[[ Supplied material open ]]

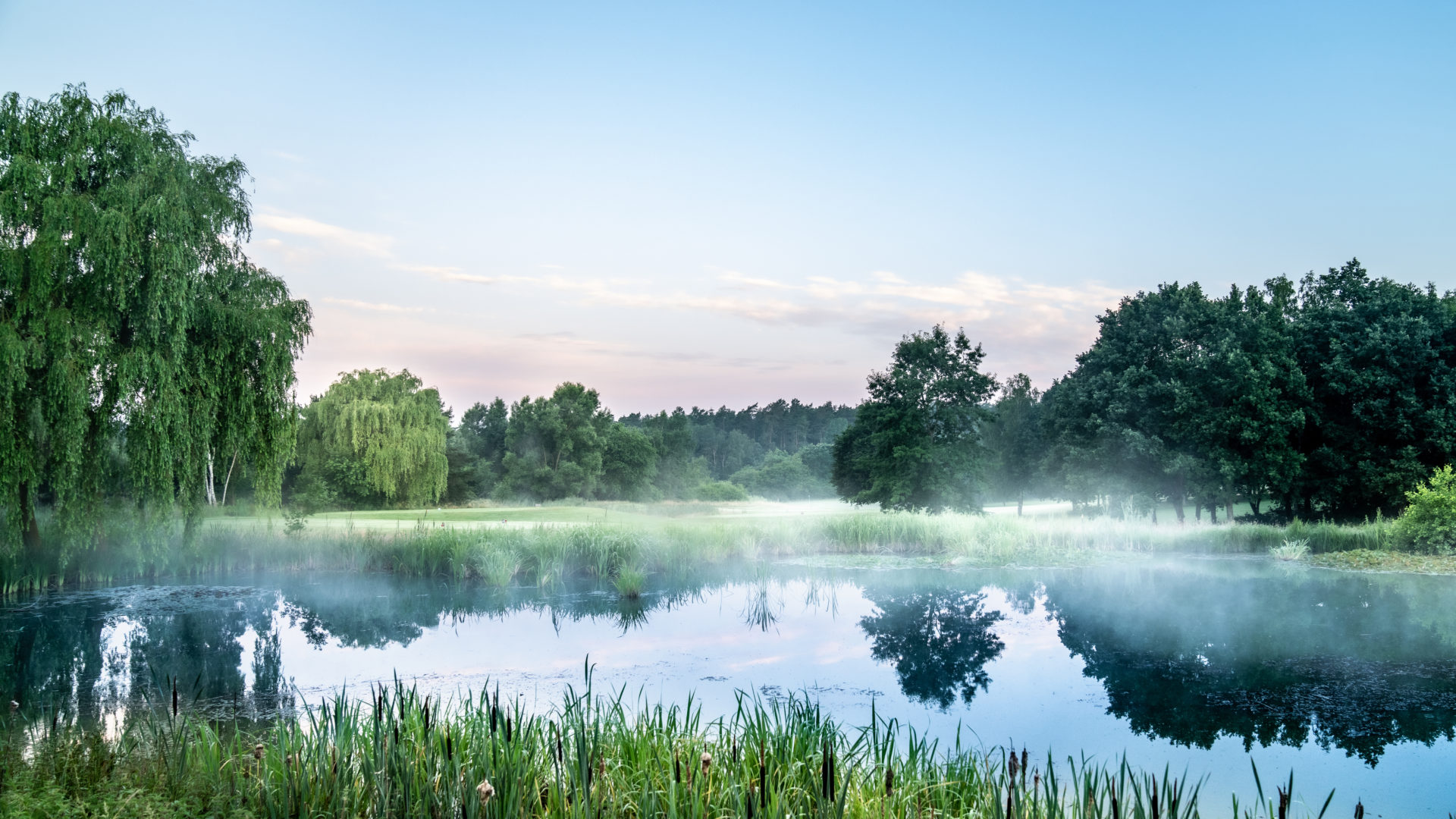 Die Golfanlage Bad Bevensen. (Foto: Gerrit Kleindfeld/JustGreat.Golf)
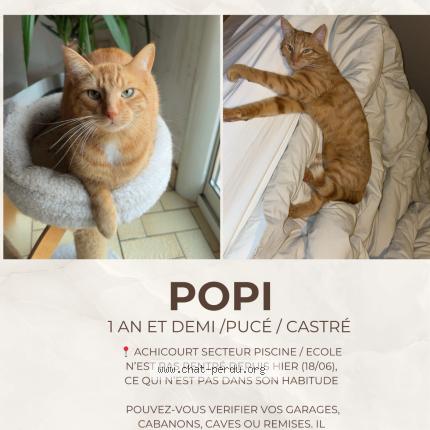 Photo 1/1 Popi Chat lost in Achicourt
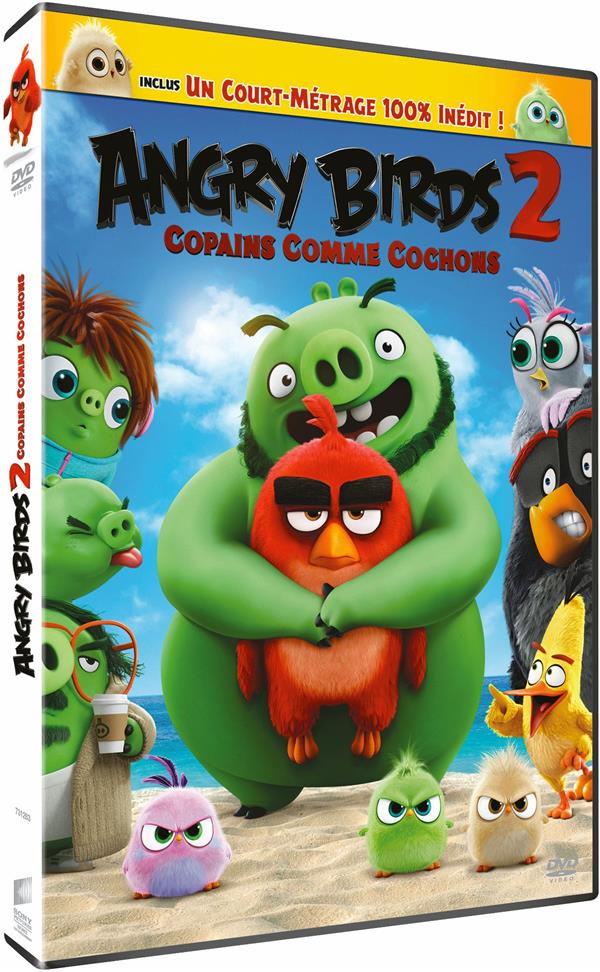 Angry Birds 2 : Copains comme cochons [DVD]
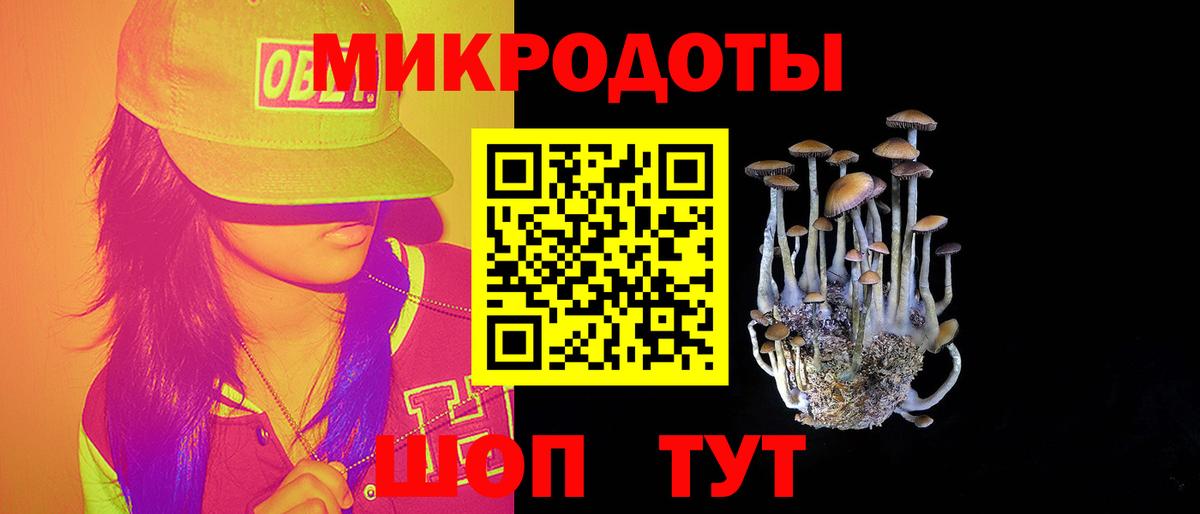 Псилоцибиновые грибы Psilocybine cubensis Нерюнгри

[[ Supplied material closed ]]

[Required action]
Would you output the data above exactly as written, but with no images?

[Answer below]
 Die Golfanlage Bad Bevensen. (Foto: Gerrit Kleindfeld/JustGreat.Golf)
 Photo 1/1 Popi Chat lost in Achicourt
 Angry Birds 2 : Copains comme cochons [DVD]
 Псилоцибиновые грибы Psilocybine cubensis Нерюнгри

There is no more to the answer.